Vinash Kale Viprit Buddhi.
That wise saying, used by Jayaprakash Narayan against Indira Gandhi while launching his Total Revolution campaign which eventually led to the fall of the mighty prime minister in 1977, came to mind seeing the way the Congress bosses booted out Captain Amarinder Singh.
The former maharaja of Patiala was cast aside as chief minister as they would a fly from a glass of milk.
His sense of dignity and self-respect badly mauled, the good captain has now sworn revenge.
And revenge he will exact from a party he had led with great aplomb until the Gandhi siblings stepped in and, in order to show who was the boss, flung him aside, replacing him with a lightweight.
But the Raja first. By all reckoning he was the tallest leader around in the state. And stood a good chance to retain power in the next year's assembly poll.
Neither Sukhbir Singh Badal of the Shiromani Akali Dal nor anyone in the Aam Aadmi Party enjoyed such goodwill cutting across all sections.
As the captain himself said, he would have liked to step aside and hand over the reins to a younger leader after the assembly poll.
By virtually dragging him out in a nocturnal coup, the party humiliated him.
He would not forgive this hurt easily.
What till the other day looked like an election for the Congress to lose has now become wide open.
Psephologists predict a hung House with AAP at number one but well short of the half-way mark.
All this due to the hubris of the Gandhi siblings.
In order to belatedly show that they are in command, that theirs is the last word in the party, Rahul and Priyanka mercilessly wielded the big axe against the well-settled captain.
And in full public view.
The Gandhis' putative candidate for chief minister was Navjot Singh Sidhu (this column was written before Sidhu's sudden resignation as Punjab Congress Committee president on September 28, 2021).
Sidhu has shown little evidence of hard grassroots work.
Even his much-vaunted public speaking is largely rehearsed, with the former television funster interchanging personalities to repeat the same old hackneyed jokes.
But it is not the fate of Sidhu or even the captain that should overly concern us.
The greater danger lies in what might come from the sudden bout of activism by the Gandhi siblings.
The abrupt change in Punjab a few months ahead of the crucial assembly poll bore the hallmark of the inexperience and cluelessness of the Gandhi siblings.
By wielding the big stick they were in quest of the elusive grip over the party which they had been persuaded to believe was an integral part of the family inheritance.
A widely respected captain was dumped without being extended the common courtesy of prior consultation.
A willing and valuable ally was overnight converted into a bitter foe due to the immaturity of the party leadership.
Now, after Punjab, the bumbling duo has moved to Rajasthan.

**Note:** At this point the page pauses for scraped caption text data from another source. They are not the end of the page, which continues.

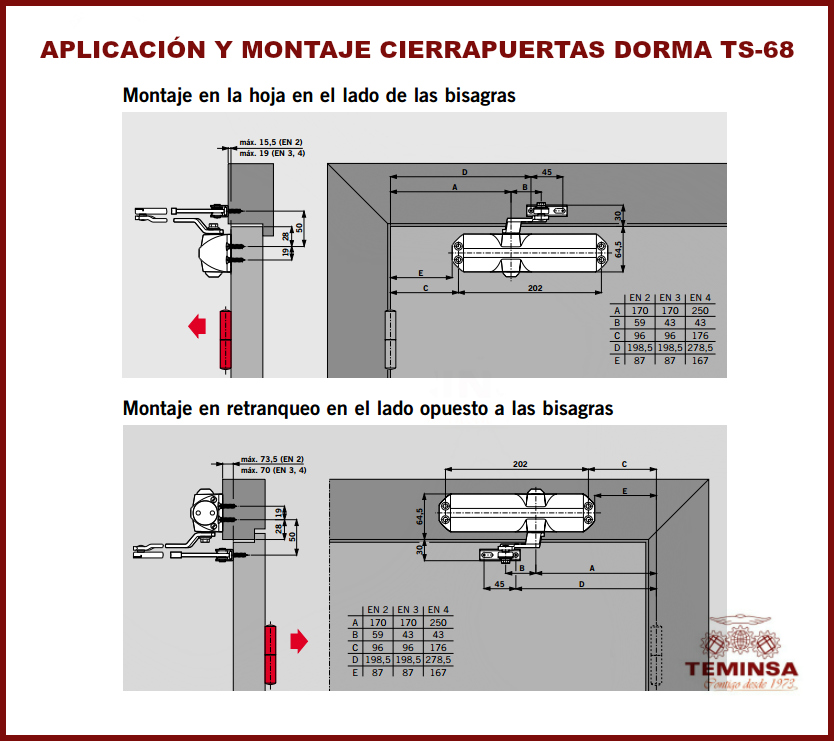 Cierrapuertas Dorma TS-68 Aplicación y Montaje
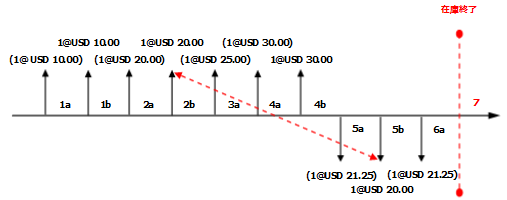 LIFO with Marking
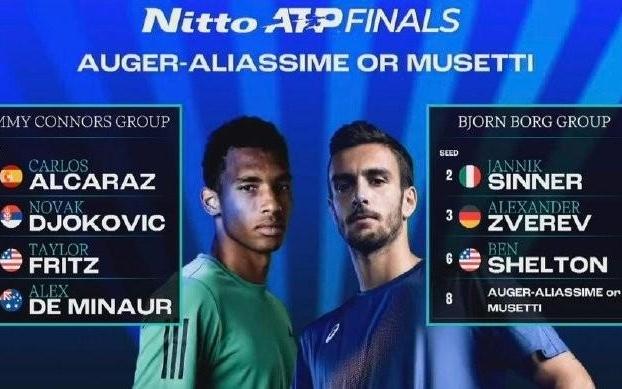 ATP都灵年终总决赛分组出炉，比赛将于11月9日正式开打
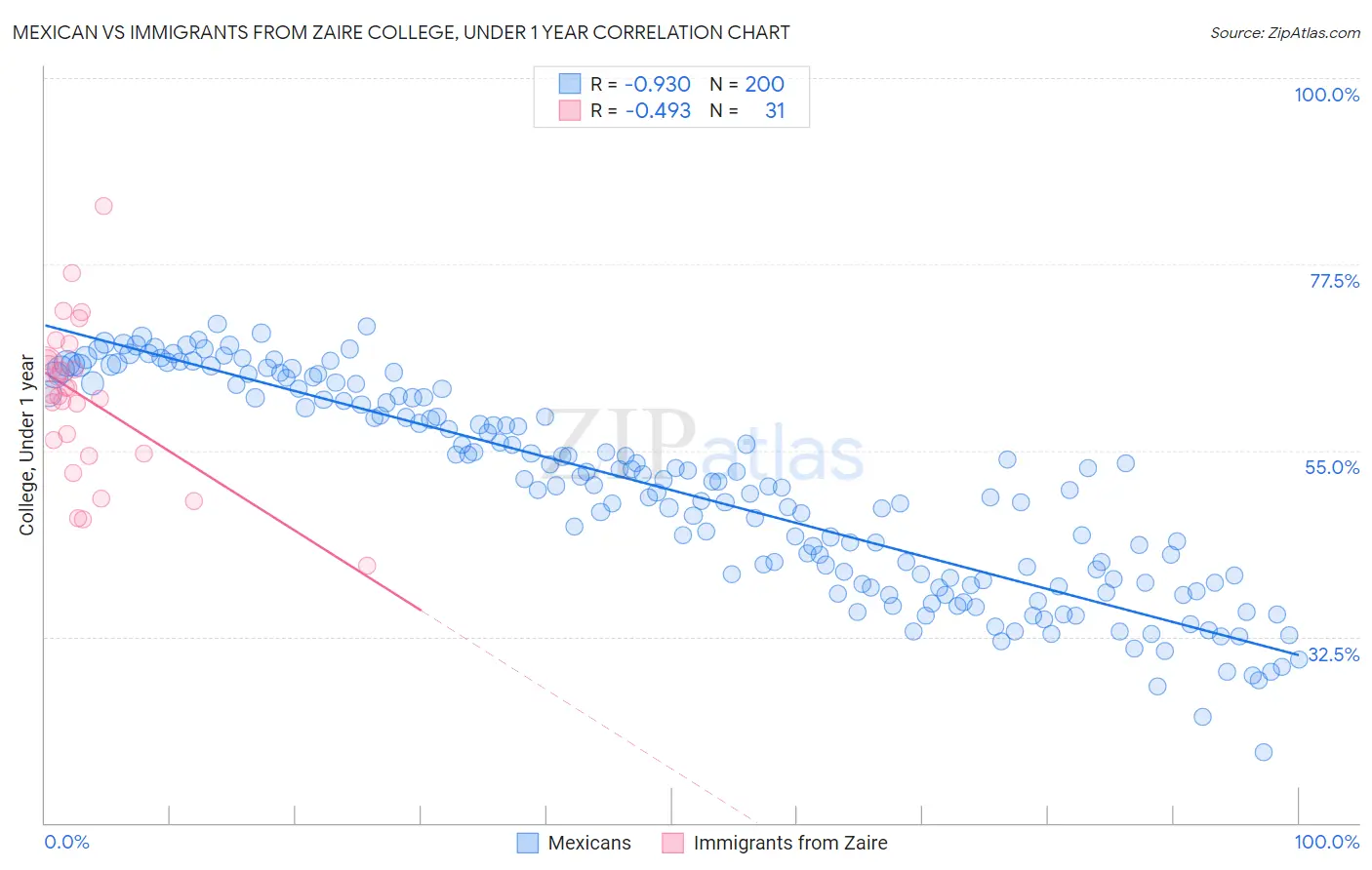 Mexican vs Immigrants from Zaire College, Under 1 year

The simmering dispute between Chief Minister Ashok Gehlot and Sachin Pilot is sought to be resolved by a diktat from Delhi.
Here again, any solution that leaves both Gehlot and Pilot equally resentful is bound to harm the party rather than create harmony and cohesion in government and legislative group.
From Rajasthan the Gandhis can move to Chhattisgarh where Chief Minister Bhupesh Baghel is locked in a fight-to-finish with Health Minister Singh Deo.
Baghel is refusing to to step down as per the agreement at the time of the last election which spoke of the two becoming chief minister by turns for half of the five-year term.
How the Gandhis can settle this dispute is not unclear.
But should anyone think by forcing out a senior leader like Amarinder Singh the Gandhis have become leaders in their own right, and silenced the Group of 23, they should think again.
An ill-executed Punjab operation does not make Rahul Gandhi the darling of party cadres.
On the contrary, it has only enforced his image as a novice at the ripe old age of 51, lacking maturity.
The idea that the captain was too independent -- and therefore had to be shown the door -- was most idiotic.
At a time when the Gandhis had ceased to be vote-getters, the Congress needed more leaders like Amarinder Singh who at least commanded the trust of the people in their respective states.
By replacing them with sycophants and time-servers they push the party down the path of irrelevance and ignominy.
Modi can effect drastic change at the snap of his little finger in Gujarat only because he is able to win elections for the party.
The day he ceases to be popular, the same BJP would turn its back on him.
Like Indira Gandhi in her hey day, Modi is the master of the political landscape.
Not even the closest friends of the Gandhis would claim that Indira Gandhi's grandchildren possess an iota of her charisma.